▶ TASK DIRECTIONS
The entries should be restated word for word.

Short descriptive text snippets:
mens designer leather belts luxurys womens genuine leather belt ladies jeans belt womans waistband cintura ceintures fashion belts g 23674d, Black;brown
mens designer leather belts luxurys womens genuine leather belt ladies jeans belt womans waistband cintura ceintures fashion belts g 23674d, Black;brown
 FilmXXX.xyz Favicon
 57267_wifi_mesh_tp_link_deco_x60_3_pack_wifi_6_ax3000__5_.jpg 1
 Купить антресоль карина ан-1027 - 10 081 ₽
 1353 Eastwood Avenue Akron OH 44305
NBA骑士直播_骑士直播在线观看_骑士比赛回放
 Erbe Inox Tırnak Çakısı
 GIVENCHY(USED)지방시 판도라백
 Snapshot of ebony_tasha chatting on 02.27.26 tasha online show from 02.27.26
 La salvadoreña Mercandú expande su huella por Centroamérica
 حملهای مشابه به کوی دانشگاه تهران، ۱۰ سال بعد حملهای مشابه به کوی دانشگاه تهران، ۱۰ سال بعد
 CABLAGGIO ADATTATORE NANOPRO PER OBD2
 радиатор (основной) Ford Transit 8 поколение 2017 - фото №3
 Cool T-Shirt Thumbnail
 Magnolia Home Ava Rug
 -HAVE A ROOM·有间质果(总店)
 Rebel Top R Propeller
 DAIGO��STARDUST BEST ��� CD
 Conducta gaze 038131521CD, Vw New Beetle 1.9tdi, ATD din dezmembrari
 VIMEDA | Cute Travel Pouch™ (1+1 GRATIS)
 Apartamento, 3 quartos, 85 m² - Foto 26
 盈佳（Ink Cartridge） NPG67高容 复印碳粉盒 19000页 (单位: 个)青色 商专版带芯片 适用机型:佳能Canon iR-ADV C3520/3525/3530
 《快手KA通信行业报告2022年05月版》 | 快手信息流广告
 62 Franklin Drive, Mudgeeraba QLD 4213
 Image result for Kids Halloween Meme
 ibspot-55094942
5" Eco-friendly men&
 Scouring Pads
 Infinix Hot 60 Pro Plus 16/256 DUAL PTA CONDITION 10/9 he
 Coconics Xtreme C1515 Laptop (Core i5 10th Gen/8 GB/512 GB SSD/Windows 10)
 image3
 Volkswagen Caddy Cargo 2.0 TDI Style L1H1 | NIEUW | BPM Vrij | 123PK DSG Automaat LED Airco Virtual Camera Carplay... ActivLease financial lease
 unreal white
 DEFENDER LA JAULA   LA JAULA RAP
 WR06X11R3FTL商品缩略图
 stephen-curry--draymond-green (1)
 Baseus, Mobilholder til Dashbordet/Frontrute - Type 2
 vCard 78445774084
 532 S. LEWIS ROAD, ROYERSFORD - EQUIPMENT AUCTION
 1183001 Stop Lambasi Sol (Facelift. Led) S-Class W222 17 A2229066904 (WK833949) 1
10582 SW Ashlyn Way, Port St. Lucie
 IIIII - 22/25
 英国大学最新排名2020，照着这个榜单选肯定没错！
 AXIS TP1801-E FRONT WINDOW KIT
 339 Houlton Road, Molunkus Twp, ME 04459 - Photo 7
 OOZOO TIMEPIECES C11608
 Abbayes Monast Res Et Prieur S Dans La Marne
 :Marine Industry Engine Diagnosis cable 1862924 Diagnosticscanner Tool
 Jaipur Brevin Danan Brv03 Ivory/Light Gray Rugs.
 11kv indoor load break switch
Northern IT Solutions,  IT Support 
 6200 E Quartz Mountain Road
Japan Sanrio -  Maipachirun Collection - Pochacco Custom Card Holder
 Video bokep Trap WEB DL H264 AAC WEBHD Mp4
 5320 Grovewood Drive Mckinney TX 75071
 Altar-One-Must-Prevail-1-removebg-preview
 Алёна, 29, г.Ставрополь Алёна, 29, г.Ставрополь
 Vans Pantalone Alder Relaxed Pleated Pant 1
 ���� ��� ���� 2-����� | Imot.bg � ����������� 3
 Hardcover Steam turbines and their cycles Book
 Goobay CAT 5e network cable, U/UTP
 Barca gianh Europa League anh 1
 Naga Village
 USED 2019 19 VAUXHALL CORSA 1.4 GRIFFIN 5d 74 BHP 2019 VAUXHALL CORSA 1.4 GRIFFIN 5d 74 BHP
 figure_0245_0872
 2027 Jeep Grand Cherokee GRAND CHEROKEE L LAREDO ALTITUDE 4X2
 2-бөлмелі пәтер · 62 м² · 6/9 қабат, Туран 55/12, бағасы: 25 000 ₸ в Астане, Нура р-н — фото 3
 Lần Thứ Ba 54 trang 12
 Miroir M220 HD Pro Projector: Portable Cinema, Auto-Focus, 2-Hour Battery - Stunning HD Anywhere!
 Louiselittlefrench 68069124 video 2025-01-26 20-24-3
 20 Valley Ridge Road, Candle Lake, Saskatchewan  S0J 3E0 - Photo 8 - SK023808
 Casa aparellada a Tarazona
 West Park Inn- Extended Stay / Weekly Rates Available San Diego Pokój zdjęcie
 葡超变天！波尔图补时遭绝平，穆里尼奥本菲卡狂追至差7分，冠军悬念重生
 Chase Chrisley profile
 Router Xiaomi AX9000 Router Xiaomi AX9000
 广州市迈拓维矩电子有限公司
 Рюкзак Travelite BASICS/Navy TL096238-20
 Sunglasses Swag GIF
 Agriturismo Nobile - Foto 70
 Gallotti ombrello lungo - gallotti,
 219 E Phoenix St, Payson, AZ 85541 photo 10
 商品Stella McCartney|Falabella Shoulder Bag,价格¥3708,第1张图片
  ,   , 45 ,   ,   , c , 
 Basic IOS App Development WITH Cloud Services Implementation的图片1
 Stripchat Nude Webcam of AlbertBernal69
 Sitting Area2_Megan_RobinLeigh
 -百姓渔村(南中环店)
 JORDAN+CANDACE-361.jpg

▶ EXERCISE RESULT
mens designer leather belts luxurys womens genuine leather belt ladies jeans belt womans waistband cintura ceintures fashion belts g 23674d, Black;brown
mens designer leather belts luxurys womens genuine leather belt ladies jeans belt womans waistband cintura ceintures fashion belts g 23674d, Black;brown
 FilmXXX.xyz Favicon
 57267_wifi_mesh_tp_link_deco_x60_3_pack_wifi_6_ax3000__5_.jpg 1
 Купить антресоль карина ан-1027 - 10 081 ₽
 1353 Eastwood Avenue Akron OH 44305
NBA骑士直播_骑士直播在线观看_骑士比赛回放
 Erbe Inox Tırnak Çakısı
 GIVENCHY(USED)지방시 판도라백
 Snapshot of ebony_tasha chatting on 02.27.26 tasha online show from 02.27.26
 La salvadoreña Mercandú expande su huella por Centroamérica
 حملهای مشابه به کوی دانشگاه تهران، ۱۰ سال بعد حملهای مشابه به کوی دانشگاه تهران، ۱۰ سال بعد
 CABLAGGIO ADATTATORE NANOPRO PER OBD2
 радиатор (основной) Ford Transit 8 поколение 2017 - фото №3
 Cool T-Shirt Thumbnail
 Magnolia Home Ava Rug
 -HAVE A ROOM·有间质果(总店)
 Rebel Top R Propeller
 DAIGO��STARDUST BEST ��� CD
 Conducta gaze 038131521CD, Vw New Beetle 1.9tdi, ATD din dezmembrari
 VIMEDA | Cute Travel Pouch™ (1+1 GRATIS)
 Apartamento, 3 quartos, 85 m² - Foto 26
 盈佳（Ink Cartridge） NPG67高容 复印碳粉盒 19000页 (单位: 个)青色 商专版带芯片 适用机型:佳能Canon iR-ADV C3520/3525/3530
 《快手KA通信行业报告2022年05月版》 | 快手信息流广告
 62 Franklin Drive, Mudgeeraba QLD 4213
 Image result for Kids Halloween Meme
 ibspot-55094942
5" Eco-friendly men&
 Scouring Pads
 Infinix Hot 60 Pro Plus 16/256 DUAL PTA CONDITION 10/9 he
 Coconics Xtreme C1515 Laptop (Core i5 10th Gen/8 GB/512 GB SSD/Windows 10)
 image3
 Volkswagen Caddy Cargo 2.0 TDI Style L1H1 | NIEUW | BPM Vrij | 123PK DSG Automaat LED Airco Virtual Camera Carplay... ActivLease financial lease
 unreal white
 DEFENDER LA JAULA   LA JAULA RAP
 WR06X11R3FTL商品缩略图
 stephen-curry--draymond-green (1)
 Baseus, Mobilholder til Dashbordet/Frontrute - Type 2
 vCard 78445774084
 532 S. LEWIS ROAD, ROYERSFORD - EQUIPMENT AUCTION
 1183001 Stop Lambasi Sol (Facelift. Led) S-Class W222 17 A2229066904 (WK833949) 1
10582 SW Ashlyn Way, Port St. Lucie
 IIIII - 22/25
 英国大学最新排名2020，照着这个榜单选肯定没错！
 AXIS TP1801-E FRONT WINDOW KIT
 339 Houlton Road, Molunkus Twp, ME 04459 - Photo 7
 OOZOO TIMEPIECES C11608
 Abbayes Monast Res Et Prieur S Dans La Marne
 :Marine Industry Engine Diagnosis cable 1862924 Diagnosticscanner Tool
 Jaipur Brevin Danan Brv03 Ivory/Light Gray Rugs.
 11kv indoor load break switch
Northern IT Solutions,  IT Support 
 6200 E Quartz Mountain Road
Japan Sanrio -  Maipachirun Collection - Pochacco Custom Card Holder
 Video bokep Trap WEB DL H264 AAC WEBHD Mp4
 5320 Grovewood Drive Mckinney TX 75071
 Altar-One-Must-Prevail-1-removebg-preview
 Алёна, 29, г.Ставрополь Алёна, 29, г.Ставрополь
 Vans Pantalone Alder Relaxed Pleated Pant 1
 ���� ��� ���� 2-����� | Imot.bg � ����������� 3
 Hardcover Steam turbines and their cycles Book
 Goobay CAT 5e network cable, U/UTP
 Barca gianh Europa League anh 1
 Naga Village
 USED 2019 19 VAUXHALL CORSA 1.4 GRIFFIN 5d 74 BHP 2019 VAUXHALL CORSA 1.4 GRIFFIN 5d 74 BHP
 figure_0245_0872
 2027 Jeep Grand Cherokee GRAND CHEROKEE L LAREDO ALTITUDE 4X2
 2-бөлмелі пәтер · 62 м² · 6/9 қабат, Туран 55/12, бағасы: 25 000 ₸ в Астане, Нура р-н — фото 3
 Lần Thứ Ba 54 trang 12
 Miroir M220 HD Pro Projector: Portable Cinema, Auto-Focus, 2-Hour Battery - Stunning HD Anywhere!
 Louiselittlefrench 68069124 video 2025-01-26 20-24-3
 20 Valley Ridge Road, Candle Lake, Saskatchewan  S0J 3E0 - Photo 8 - SK023808
 Casa aparellada a Tarazona
 West Park Inn- Extended Stay / Weekly Rates Available San Diego Pokój zdjęcie
 葡超变天！波尔图补时遭绝平，穆里尼奥本菲卡狂追至差7分，冠军悬念重生
 Chase Chrisley profile
 Router Xiaomi AX9000 Router Xiaomi AX9000
 广州市迈拓维矩电子有限公司
 Рюкзак Travelite BASICS/Navy TL096238-20
 Sunglasses Swag GIF
 Agriturismo Nobile - Foto 70
 Gallotti ombrello lungo - gallotti,
 219 E Phoenix St, Payson, AZ 85541 photo 10
 商品Stella McCartney|Falabella Shoulder Bag,价格¥3708,第1张图片
  ,   , 45 ,   ,   , c , 
 Basic IOS App Development WITH Cloud Services Implementation的图片1
 Stripchat Nude Webcam of AlbertBernal69
 Sitting Area2_Megan_RobinLeigh
 -百姓渔村(南中环店)
 JORDAN+CANDACE-361.jpg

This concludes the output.